Supplied data:
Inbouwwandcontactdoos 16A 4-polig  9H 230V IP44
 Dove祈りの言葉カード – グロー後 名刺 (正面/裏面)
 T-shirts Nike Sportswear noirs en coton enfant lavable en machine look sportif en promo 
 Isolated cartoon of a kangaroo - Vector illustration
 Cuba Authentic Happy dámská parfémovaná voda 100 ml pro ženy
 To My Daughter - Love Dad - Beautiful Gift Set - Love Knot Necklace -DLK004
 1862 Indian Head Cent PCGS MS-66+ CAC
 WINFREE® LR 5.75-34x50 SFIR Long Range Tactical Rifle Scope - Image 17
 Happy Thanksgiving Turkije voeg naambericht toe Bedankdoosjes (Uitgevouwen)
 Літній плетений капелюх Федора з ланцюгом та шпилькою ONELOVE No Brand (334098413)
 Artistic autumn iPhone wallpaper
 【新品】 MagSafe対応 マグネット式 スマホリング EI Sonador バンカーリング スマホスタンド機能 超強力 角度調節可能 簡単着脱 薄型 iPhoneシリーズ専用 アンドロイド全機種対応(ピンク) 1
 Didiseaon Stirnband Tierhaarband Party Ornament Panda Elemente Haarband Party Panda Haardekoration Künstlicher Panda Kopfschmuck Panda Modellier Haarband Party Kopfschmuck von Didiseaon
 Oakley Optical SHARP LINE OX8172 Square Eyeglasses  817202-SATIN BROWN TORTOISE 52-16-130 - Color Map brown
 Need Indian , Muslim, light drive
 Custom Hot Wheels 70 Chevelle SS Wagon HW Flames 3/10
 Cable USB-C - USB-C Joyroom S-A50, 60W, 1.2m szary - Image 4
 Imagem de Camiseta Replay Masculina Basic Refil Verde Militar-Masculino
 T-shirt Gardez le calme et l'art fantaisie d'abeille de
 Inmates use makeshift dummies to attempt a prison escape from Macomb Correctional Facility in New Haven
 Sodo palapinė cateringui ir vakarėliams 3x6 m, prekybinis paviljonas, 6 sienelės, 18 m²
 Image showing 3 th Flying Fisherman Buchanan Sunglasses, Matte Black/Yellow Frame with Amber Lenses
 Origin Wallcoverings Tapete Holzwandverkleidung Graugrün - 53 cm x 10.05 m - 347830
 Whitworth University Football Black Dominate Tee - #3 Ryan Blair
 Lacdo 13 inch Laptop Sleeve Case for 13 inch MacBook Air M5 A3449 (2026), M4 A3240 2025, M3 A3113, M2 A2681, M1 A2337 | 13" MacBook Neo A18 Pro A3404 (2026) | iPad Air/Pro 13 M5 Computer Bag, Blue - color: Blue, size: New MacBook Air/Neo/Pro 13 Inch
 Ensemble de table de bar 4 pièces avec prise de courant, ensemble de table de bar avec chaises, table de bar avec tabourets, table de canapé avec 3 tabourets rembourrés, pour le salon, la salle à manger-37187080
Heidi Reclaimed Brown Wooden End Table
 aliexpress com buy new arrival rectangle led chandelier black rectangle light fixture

Problem: Retype only the stretch of lines above starting at the one with "Літній плетений капелюх" and stopping at the one with "Cable USB-C - USB-C", exactly as written, with both kept.

Expected answer:
 Літній плетений капелюх Федора з ланцюгом та шпилькою ONELOVE No Brand (334098413)
 Artistic autumn iPhone wallpaper
 【新品】 MagSafe対応 マグネット式 スマホリング EI Sonador バンカーリング スマホスタンド機能 超強力 角度調節可能 簡単着脱 薄型 iPhoneシリーズ専用 アンドロイド全機種対応(ピンク) 1
 Didiseaon Stirnband Tierhaarband Party Ornament Panda Elemente Haarband Party Panda Haardekoration Künstlicher Panda Kopfschmuck Panda Modellier Haarband Party Kopfschmuck von Didiseaon
 Oakley Optical SHARP LINE OX8172 Square Eyeglasses  817202-SATIN BROWN TORTOISE 52-16-130 - Color Map brown
 Need Indian , Muslim, light drive
 Custom Hot Wheels 70 Chevelle SS Wagon HW Flames 3/10
 Cable USB-C - USB-C Joyroom S-A50, 60W, 1.2m szary - Image 4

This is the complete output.